I see your glares, the ones you give me in shock and awe when we visit the library, tablet in hand. I know you are judging me when you throw in your little comments of “my-my, he sure is into that, isn’t he?”
Yes, he is, because it’s what he needs right now. He needs a break from life, and I need a break from the judgement.
Epilepsy aside, sometimes we all just need a break — whether it’s children with special needs, or their overwhelmed parents who cannot fathom being “on duty” for one more minute; couples desperate to reconnect over adult conversation, or children that have missed naps and are grouchy beyond being reasoned with.
If a tablet can calm temporarily calm a difficult situation, then I say more power to you!
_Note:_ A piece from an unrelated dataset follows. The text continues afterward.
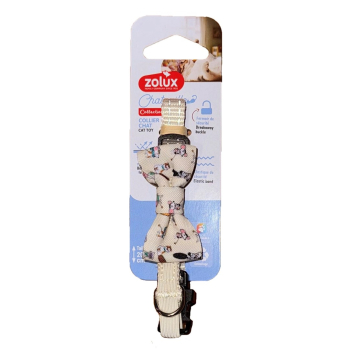 ZOLUX Obroża dla kota z muszką CHATOUILLE beżowa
I won’t judge you for a minute, or assume that just because I see your kid on a tablet, that it’s the only thing they ever do.
My life cannot always stop just because my son needs a break. Epilepsy is unpredictable and I would be chained to the house if I halted my life because of it. That is not a luxury I have with another child to attend to, and things that I need to get done. It’s not even what I want for my son. But this is his life, and I want to immerse him in all its experiences, as much as I can; even if that means that some days, it’s only absorbed in glimpses when he looks up from a screen.
I don’t pretend to have all the answers, and right now, this is the best solution that I can come up with. It’s not perfect, but it works for us, and if there’s anything that I’ve learned over the course of my parenting career, it’s that sometimes, you just throw out the plans you had, and do what works best for your kids.
Some days I aim for the moon, and settle for a tablet in the middle of a children’s museum instead. And if I see you there, doing the same thing, I won’t judge you for it.
I trust you, because you know your kids better than I do.